When I arrived to look at the car, which was advertised as "restorable", it was immediately obvious that the only way this particular car could be restored would be to put the VIN number on another car. The pictures here do not fully illustrate the rust that overtook the car from years of sitting out in a field. There was severe rust everywhere. The trunk, quarter panels, fenders, floors and firewall were rusted out. The decklid was badly rusted under the ornamental hubcap and also on the inside. The frame rails and suspension parts were badly rusted as well.
The engine was out of the car and partially disassembled. It was sitting in his backyard without being covered. The ram intake manifolds and carburetors were just sitting out in the open. The elements had taken their toll on these parts. The carburetors are totally frozen up from corrosion. We had to hammer the pistons out of the block to get them out. The transmission was in the trunk of the car. Fortunately, many smaller parts had been placed in the trunk and were somewhat protected from the elements. This included the original air cleaners, distributor, exhaust manifolds, valve covers, air conditioning system, carburetor linkage, cylinder heads and smaller underhood parts.
The interior of the car was pretty rotten. The back window had been out of the car for some time and water had free access to the inside. The aluminum strips on the floor were almost all gone from corrosion. Amazingly, the 300 emblem from between the rear bucket seats held up well. I think this is because it wasn't sitting in water like the floor. Most of the chrome on the instrument panel was very pitted. The gauge cluster was in good shape still, the hooded dash provides pretty good protection. The instrument panel was rusted out along the bottom.
It was a shame that a car so incredible when new could have fallen to such depths of despair. The owner only wanted to sell the car to someone who would restore it. He was delusional that it could have been fixed. I know a lot can be done to a car to bring it back to life, but this one was beyond hope. A deal was struck for me to purchase the car and its parts for $500. My best hope was to salvage what parts I could. I figured I could go back and find those cars I passed up previously since I now would have almost any hard-to-get part that could be missing.
When I got this car I worked at a wrecking yard. My boss towed the car to the yard so that I could take it apart. It was much easier than you would think. Most parts just about fell off the car on their own. I could pull the sides of the body out and the quarter window assemblies came out through the bottom. All of their mounting points on the body had rusted away. Dirt was the only thing holding them in. The firewall was so rusty that pushing on the brake pedal caused the brake booster to fall off.

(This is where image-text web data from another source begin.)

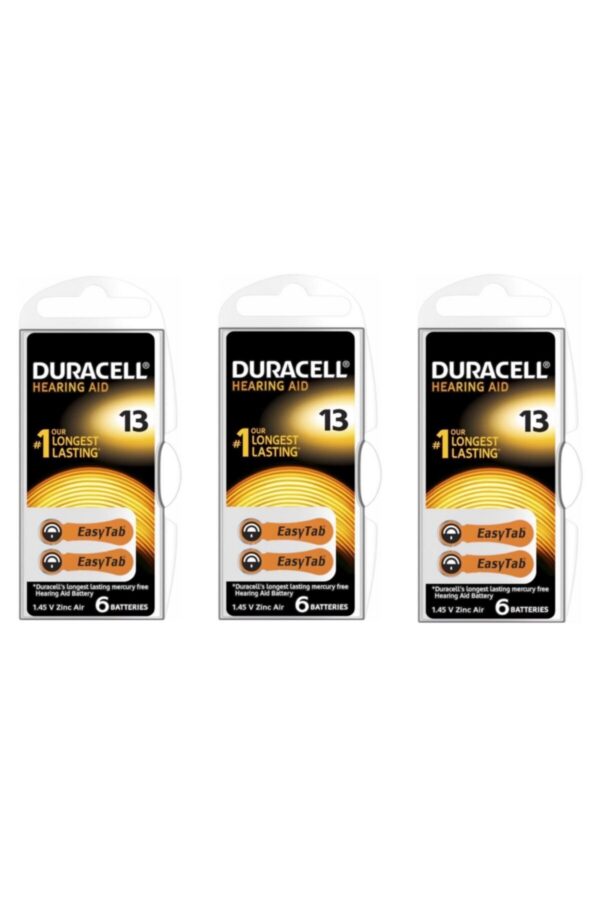 Actıvaır 13 Numara 18 Li Kulaklık Pili (3 Paket 18 Adet)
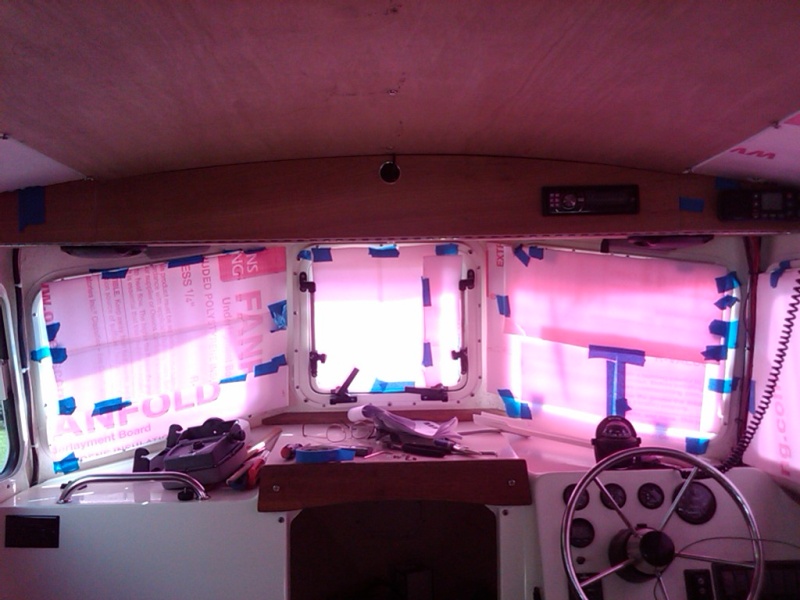 final fit for overhead
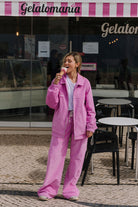 SPODNIE DAMSKIE GROOVY MARSHMALLOW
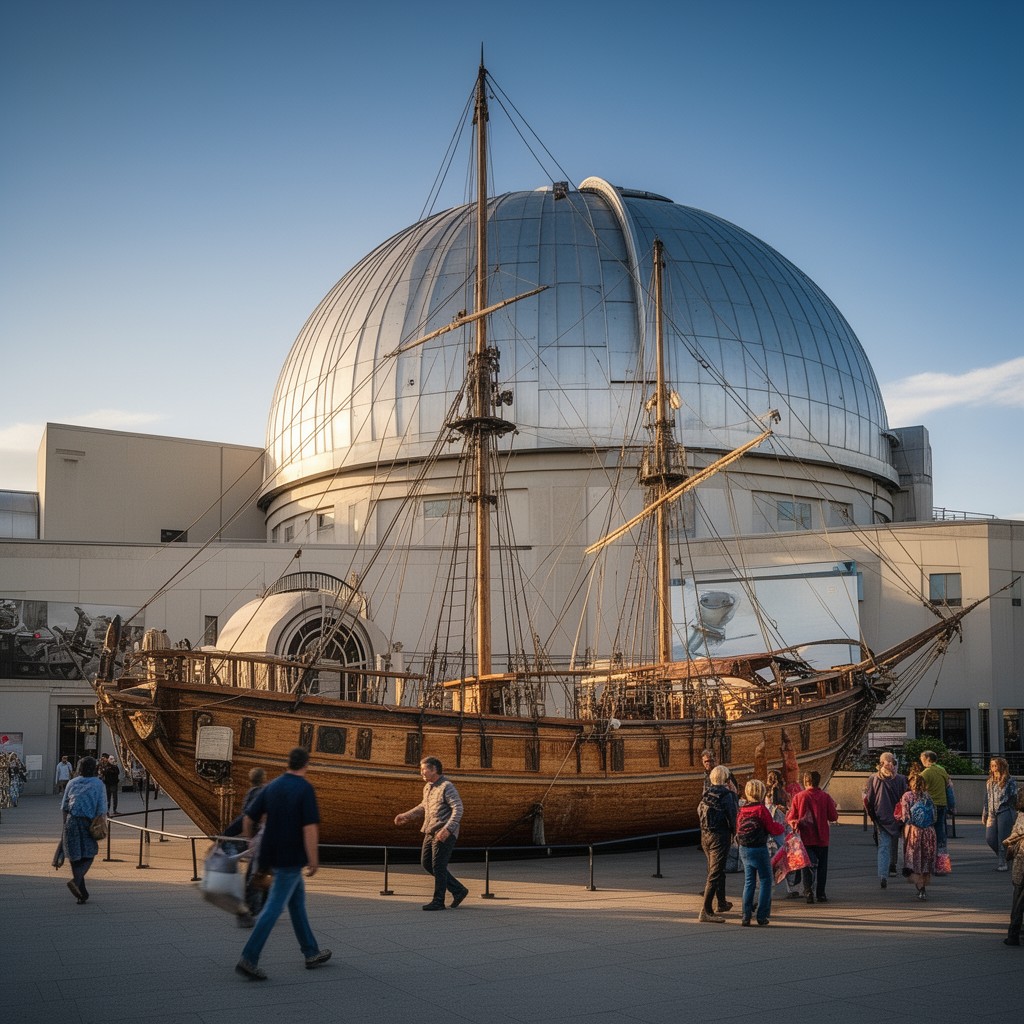 AI-generated illustration of Manitoba Museum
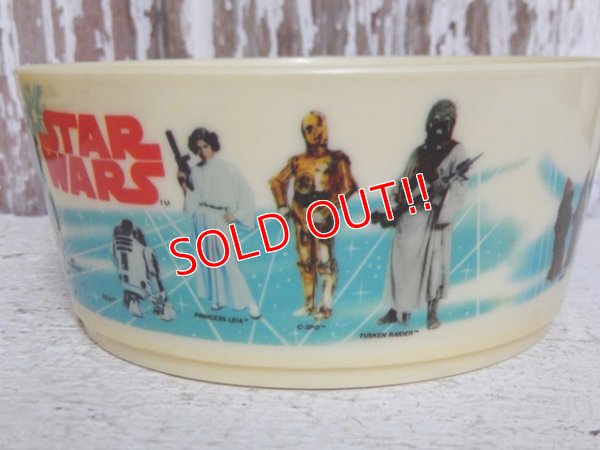 画像2: ct-150505-79 STAR WARS / DEKA 1977 Plastic Bowl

Almost all the parts for the car were there in one form or another. The grille emblem was on the car when I first looked at it but was gone when I went to pick it up. I think I have all four of the wheel covers plus the ornamental one that goes on the decklid. The hood is in reasonable shape and the doors are probably useable. There are lots of bits and pieces in boxes in storage now. I did keep the swivel front seats and the center console parts as well as the dash. I also kept the engine, transmission, drive shaft and rear axle. The front brake drums were in decent shape so I saved those too.
One of these days I'll get another 300F. Hopefully one in much better condition. At least now I'll have some spare parts.